Our island poet, Basil R. Anderson, wrote:

Dear Unst, my own, my well-beloved,
O fairest Isle to me,
Of all the many bosom gems
That stud the Northern Sea.
With joy I hug thy rugged sides,
Where high-crowned Saxavord
Looks down on Muckle Flugga Light
And swelling Burrafjord.

These are my sentiments exactly. Unst is my birthplace, and I have always loved it. I was told that, when I was being taken out in my pram, I almost fell out of it trying to reach the wild flowers which grow in profusion along the roadsides. I love the beaches, the rocks, the hills, the cliffs and the lochs. In winter, when the flowers are asleep, I love the muted lovely colours of the stone dykes; green and black serpentine, blue and yellow chromite and lovely quartz.

I am intrigued with all the mystery of those pre-historic sites. The standing stones – who set them up, and why? The Circles on Crucifiel called the Rounds O’ Tivla – what were they for? Is it true that a condemned man could get a pardon by running the gauntlet from the Heogs to the circles near the Baliasta Kirk? Who made the scalloped edge on the Crabbie Stane at Gunnister, and for what purpose? Is it the ruins of a little temple or a priest’s cell that stands a little above and to the south of the stone? I’ll likely never know the answers now.

However, some of Unst’s history can still be read in the man-made beaches that once were spread with salt fish when the fishing was done from the sixarens – a hazardous occupation. Then there are the remains of the concrete facings along the voe in Baltasound and the shore in Uyeasound, reminders of the great days when Baltasound was the “Herringopolis” of the North. There were 33 herring stations along the voe, and six in Balta Isle. Once it was possible to walk right across the voe on herring sail boats. One weekend in 1905, a census was taken of the folk on boats and station at Balta Isle and there were 1000 folk there.

All this made a busy place in other ways. In the 1892 Manson’s Almanac there are listed for Unst bakers, a butcher, a blacksmith, boatbuilders, cattledealers, carpenters, carters, coopers, dressmakers, fishcurers, a gig hirer, joiners, letter carriers, licensed grocers, general merchants, lightkeepers, a lime manufacturer, lodgings, masons, manure manufacturers, a police constable, painters, sailmakers, shoemakers, slaters, steam boat agents, tailors, tailoresses and wheelwrights. All the spinners and fine knitters who did so much for the island aren’t mentioned!

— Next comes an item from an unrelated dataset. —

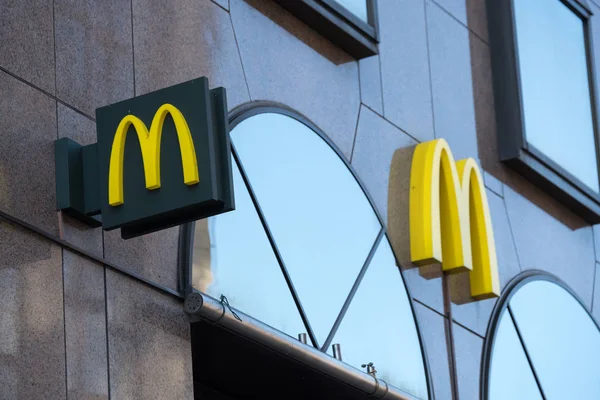 Логотип ресторана быстрого питания McDonalds на стене — стоковое фото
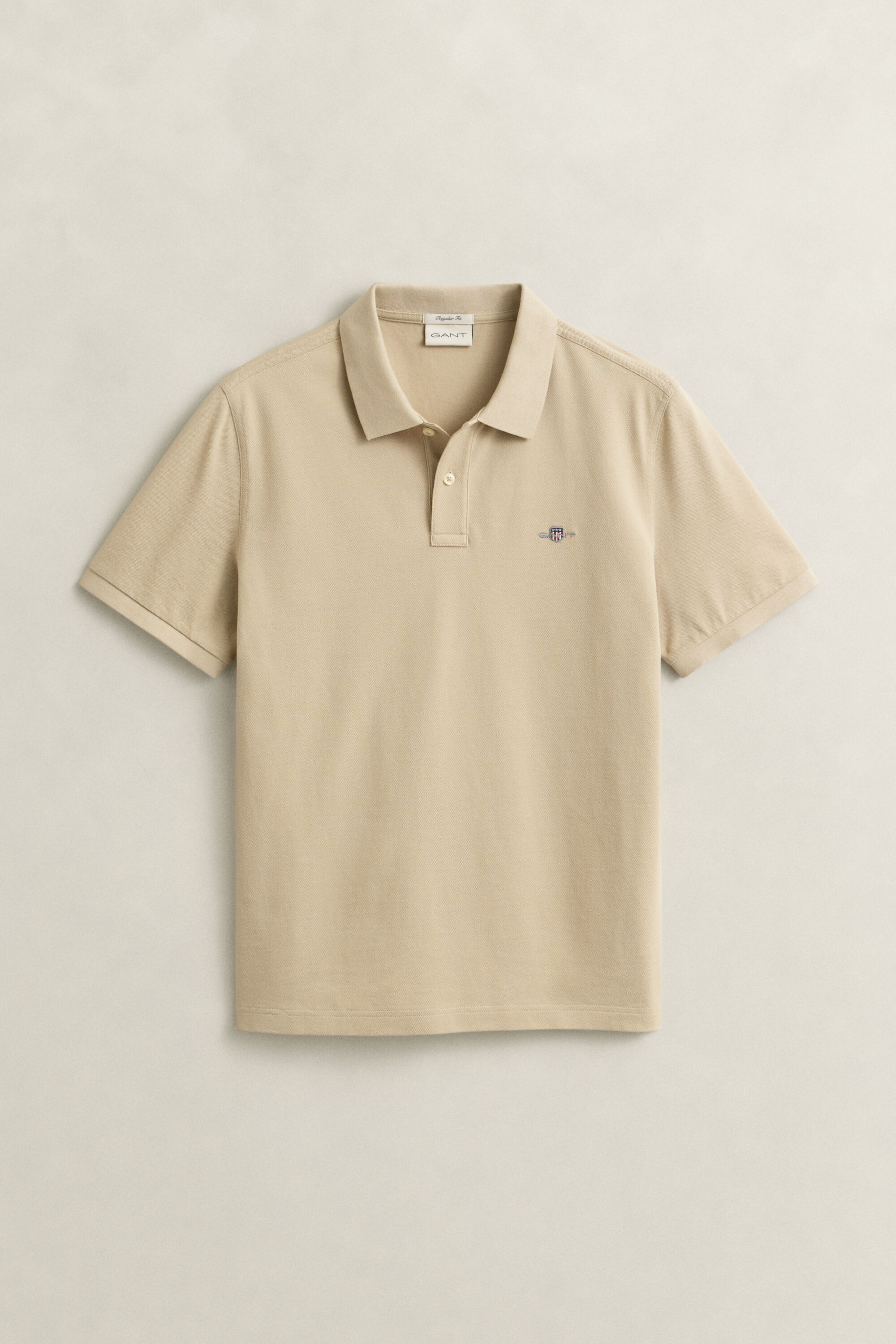 Regular fit ‑mitoitettu pikeepaita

There were 19 herring boats owned in Unst that year. There couldn’t have been many folk unemployed during the summers then.

Unst has been fortunate in several ways in having natural resources which gave work and security to some families after the boom years of the fishing were over. Serpentine and talc quarrying followed the chromite works. Defence works and camps during the war were followed by Saxavord Camp, which gives many of our local folk employment, as does Unst Airport.

Folk are materially a great deal better off than when I was young, especially the youth, with all the wonderful aids to entertainment they have in this electronic age. I wonder often if they have the same joy we had when bairns, in running over the soft sandy road with bare feet, and maybe getting a lift in a cart to sit high above a majestic Clydesdale.

Looking back to teenage years, was there ever a bad Sunday night in summer? All the young folk would go to “da Meeting” and then walk or cycle to the North Side to meet the old Earl, which usually arrived about 9 o’clock.

I loved the dances. There weren’t as many then, and every one was sheer magic to me. One fiddler and a pianist were all that were needed in any of the halls. Of course, there were no amplifiers. Did folk have more acute hearing then, or were they quieter? The local concerts which were held in all three halls were real entertainment, with singing, fiddle solos, recitations, readings and always a play or two.

In winter we played badminton. There were two clubs in Baltasound, and some great players, and many a hard battle took place! The halls were lit by Tilley lamps which had to be pumped up regularly and which provided warmth as well as light. I don’t think anyone would like to go back to them now.

Unst has inspired many writers and poets, and I commend to you the poem Vagaland wrote about Norwick, part of which goes:

Oh, mony a time, wi caald an dreary wadder,
Whin da aert is duddered laek an grey,
We come a-mind, lass, o a fair green island
An Norwick, wi a sunny Joolie day.

An hear agyin da sea, aye hushin, hushin,
Closs ta da warm saand upo da ayre,
An see agyin dat rigg aa green wi coarn,
An see da bright red poppies growin dere.